◆ **Record extracts**:
[Start of Attachment]
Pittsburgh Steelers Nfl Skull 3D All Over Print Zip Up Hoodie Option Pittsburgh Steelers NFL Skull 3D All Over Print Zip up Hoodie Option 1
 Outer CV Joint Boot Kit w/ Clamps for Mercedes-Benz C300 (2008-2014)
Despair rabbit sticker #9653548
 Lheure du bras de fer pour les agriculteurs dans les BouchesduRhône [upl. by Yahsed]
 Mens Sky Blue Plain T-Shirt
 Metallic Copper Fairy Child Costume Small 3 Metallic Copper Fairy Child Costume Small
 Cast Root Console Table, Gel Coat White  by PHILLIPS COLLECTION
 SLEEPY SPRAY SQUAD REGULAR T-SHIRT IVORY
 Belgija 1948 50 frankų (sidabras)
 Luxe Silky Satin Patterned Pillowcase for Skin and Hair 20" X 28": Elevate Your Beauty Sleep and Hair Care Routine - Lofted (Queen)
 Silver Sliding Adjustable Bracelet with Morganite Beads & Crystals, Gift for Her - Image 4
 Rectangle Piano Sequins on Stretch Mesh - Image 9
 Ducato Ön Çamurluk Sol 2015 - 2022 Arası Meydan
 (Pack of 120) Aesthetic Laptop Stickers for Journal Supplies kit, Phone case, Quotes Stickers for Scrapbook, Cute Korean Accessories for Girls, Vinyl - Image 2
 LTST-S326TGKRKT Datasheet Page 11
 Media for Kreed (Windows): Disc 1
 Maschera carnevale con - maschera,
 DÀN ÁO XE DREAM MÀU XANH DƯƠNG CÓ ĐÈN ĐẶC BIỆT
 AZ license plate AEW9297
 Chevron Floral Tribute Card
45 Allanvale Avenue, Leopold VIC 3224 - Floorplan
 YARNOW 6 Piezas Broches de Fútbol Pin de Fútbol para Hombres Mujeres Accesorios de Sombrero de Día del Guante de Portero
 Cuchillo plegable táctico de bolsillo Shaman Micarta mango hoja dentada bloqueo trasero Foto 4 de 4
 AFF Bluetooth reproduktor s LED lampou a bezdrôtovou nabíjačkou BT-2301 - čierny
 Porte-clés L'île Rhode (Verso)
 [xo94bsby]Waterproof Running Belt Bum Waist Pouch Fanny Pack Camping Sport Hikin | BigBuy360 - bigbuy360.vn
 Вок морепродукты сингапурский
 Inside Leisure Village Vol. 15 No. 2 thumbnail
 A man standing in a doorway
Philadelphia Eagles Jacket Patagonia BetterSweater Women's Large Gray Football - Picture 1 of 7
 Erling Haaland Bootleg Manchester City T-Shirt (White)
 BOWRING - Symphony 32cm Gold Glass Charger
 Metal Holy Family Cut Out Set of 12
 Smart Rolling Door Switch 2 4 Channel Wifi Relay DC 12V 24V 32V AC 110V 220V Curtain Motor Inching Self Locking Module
[End of Attachment]
◆ **Goal of the exercise**:
Begin at the first line of the records above and quote every line verbatim through the one that contains "SLEEPY SPRAY SQUAD REGULAR T-SHIRT IVORY".

◆ **Exercise output**:
Pittsburgh Steelers Nfl Skull 3D All Over Print Zip Up Hoodie Option Pittsburgh Steelers NFL Skull 3D All Over Print Zip up Hoodie Option 1
 Outer CV Joint Boot Kit w/ Clamps for Mercedes-Benz C300 (2008-2014)
Despair rabbit sticker #9653548
 Lheure du bras de fer pour les agriculteurs dans les BouchesduRhône [upl. by Yahsed]
 Mens Sky Blue Plain T-Shirt
 Metallic Copper Fairy Child Costume Small 3 Metallic Copper Fairy Child Costume Small
 Cast Root Console Table, Gel Coat White  by PHILLIPS COLLECTION
 SLEEPY SPRAY SQUAD REGULAR T-SHIRT IVORY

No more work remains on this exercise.